About this exercise
Extract the whole listing as it stands. Do not include the pictures.

Recorded data
______
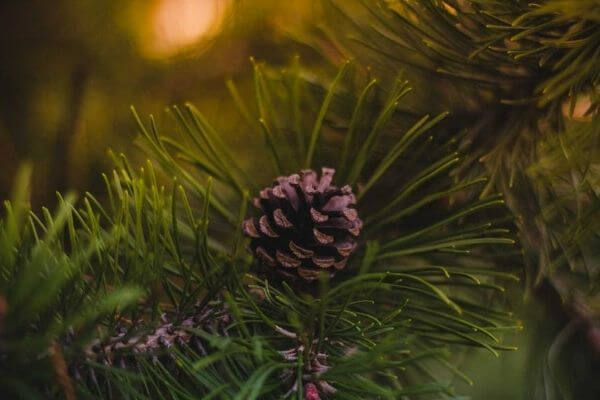 Bugs in Live Christmas Trees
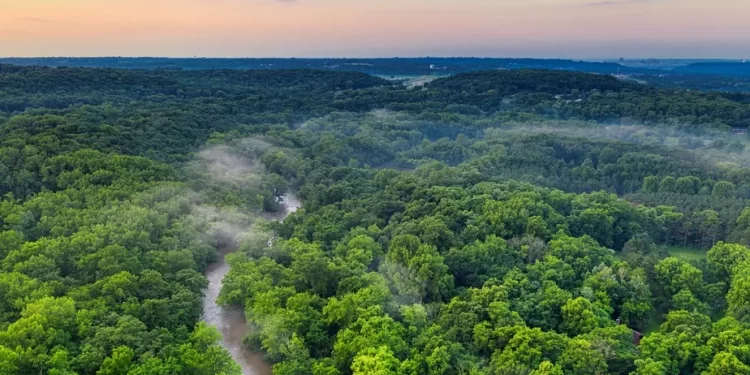 Systemica conquista área desmatada para créditos de carbono
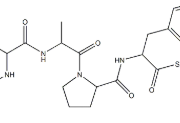 Structure of Recombinant Carboxypeptidase B EC 3.4.17.2 CAS 9025-24-5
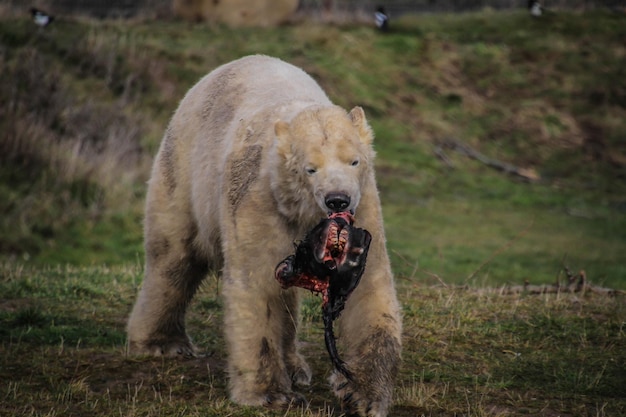 Photo close-up of dog eating grass on field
______
Answer section
 Bugs in Live Christmas Trees
 Systemica conquista área desmatada para créditos de carbono
 Structure of Recombinant Carboxypeptidase B EC 3.4.17.2 CAS 9025-24-5
 Photo close-up of dog eating grass on field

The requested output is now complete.